(RECORDS FOR THIS EXERCISE Opens)

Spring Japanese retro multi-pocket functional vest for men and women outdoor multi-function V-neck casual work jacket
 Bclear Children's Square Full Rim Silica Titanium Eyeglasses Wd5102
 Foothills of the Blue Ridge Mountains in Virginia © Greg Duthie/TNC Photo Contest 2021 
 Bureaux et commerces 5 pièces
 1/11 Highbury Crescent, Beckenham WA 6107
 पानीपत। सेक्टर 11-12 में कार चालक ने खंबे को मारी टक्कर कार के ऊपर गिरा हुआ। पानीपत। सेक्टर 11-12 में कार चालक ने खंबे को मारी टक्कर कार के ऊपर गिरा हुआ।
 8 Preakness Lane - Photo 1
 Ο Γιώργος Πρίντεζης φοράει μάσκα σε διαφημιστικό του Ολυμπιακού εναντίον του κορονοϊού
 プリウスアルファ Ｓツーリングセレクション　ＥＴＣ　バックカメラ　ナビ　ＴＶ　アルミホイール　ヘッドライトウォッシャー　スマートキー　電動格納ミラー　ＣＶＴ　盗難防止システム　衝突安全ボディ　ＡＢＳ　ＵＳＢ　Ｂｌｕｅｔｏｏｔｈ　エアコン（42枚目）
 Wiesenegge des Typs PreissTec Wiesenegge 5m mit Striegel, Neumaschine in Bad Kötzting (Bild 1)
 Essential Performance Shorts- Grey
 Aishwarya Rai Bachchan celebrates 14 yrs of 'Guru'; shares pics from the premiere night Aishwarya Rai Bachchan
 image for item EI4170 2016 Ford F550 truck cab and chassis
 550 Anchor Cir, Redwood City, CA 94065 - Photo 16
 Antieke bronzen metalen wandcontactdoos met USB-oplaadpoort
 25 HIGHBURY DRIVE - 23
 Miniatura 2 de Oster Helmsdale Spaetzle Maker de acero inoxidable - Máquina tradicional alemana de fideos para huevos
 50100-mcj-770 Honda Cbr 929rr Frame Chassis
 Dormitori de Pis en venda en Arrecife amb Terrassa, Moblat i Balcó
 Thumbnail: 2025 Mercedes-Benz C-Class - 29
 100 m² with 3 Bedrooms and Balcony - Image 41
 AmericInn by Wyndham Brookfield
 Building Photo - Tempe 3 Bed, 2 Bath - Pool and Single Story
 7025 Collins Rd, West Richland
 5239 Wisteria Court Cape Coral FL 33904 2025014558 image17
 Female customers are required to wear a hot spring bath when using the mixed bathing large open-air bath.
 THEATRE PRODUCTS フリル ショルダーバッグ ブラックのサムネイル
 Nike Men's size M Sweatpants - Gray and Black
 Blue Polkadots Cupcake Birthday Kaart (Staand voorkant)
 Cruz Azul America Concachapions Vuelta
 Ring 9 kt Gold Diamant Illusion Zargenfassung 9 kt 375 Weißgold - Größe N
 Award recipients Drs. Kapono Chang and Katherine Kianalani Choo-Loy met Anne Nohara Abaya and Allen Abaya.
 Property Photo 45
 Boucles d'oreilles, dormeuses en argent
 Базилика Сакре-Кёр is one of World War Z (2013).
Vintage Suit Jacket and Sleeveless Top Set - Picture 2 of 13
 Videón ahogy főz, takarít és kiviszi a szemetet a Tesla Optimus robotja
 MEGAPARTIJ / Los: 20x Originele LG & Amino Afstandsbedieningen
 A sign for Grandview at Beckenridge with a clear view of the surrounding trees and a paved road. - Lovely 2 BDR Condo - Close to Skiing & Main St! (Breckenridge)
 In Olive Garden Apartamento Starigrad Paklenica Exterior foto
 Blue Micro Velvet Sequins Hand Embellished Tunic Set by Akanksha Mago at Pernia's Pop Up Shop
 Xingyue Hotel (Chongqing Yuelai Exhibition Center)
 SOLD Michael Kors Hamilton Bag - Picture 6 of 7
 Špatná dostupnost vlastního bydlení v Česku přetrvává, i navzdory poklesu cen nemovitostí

(RECORDS FOR THIS EXERCISE Closes)

WORK REQUEST:
Reproduce each line, exactly as it appears, from the one that contains "7025 Collins Rd, West Richland" through the last line of the records. Add no other lines.

EXERCISE OUTPUT:
 7025 Collins Rd, West Richland
 5239 Wisteria Court Cape Coral FL 33904 2025014558 image17
 Female customers are required to wear a hot spring bath when using the mixed bathing large open-air bath.
 THEATRE PRODUCTS フリル ショルダーバッグ ブラックのサムネイル
 Nike Men's size M Sweatpants - Gray and Black
 Blue Polkadots Cupcake Birthday Kaart (Staand voorkant)
 Cruz Azul America Concachapions Vuelta
 Ring 9 kt Gold Diamant Illusion Zargenfassung 9 kt 375 Weißgold - Größe N
 Award recipients Drs. Kapono Chang and Katherine Kianalani Choo-Loy met Anne Nohara Abaya and Allen Abaya.
 Property Photo 45
 Boucles d'oreilles, dormeuses en argent
 Базилика Сакре-Кёр is one of World War Z (2013).
Vintage Suit Jacket and Sleeveless Top Set - Picture 2 of 13
 Videón ahogy főz, takarít és kiviszi a szemetet a Tesla Optimus robotja
 MEGAPARTIJ / Los: 20x Originele LG & Amino Afstandsbedieningen
 A sign for Grandview at Beckenridge with a clear view of the surrounding trees and a paved road. - Lovely 2 BDR Condo - Close to Skiing & Main St! (Breckenridge)
 In Olive Garden Apartamento Starigrad Paklenica Exterior foto
 Blue Micro Velvet Sequins Hand Embellished Tunic Set by Akanksha Mago at Pernia's Pop Up Shop
 Xingyue Hotel (Chongqing Yuelai Exhibition Center)
 SOLD Michael Kors Hamilton Bag - Picture 6 of 7
 Špatná dostupnost vlastního bydlení v Česku přetrvává, i navzdory poklesu cen nemovitostí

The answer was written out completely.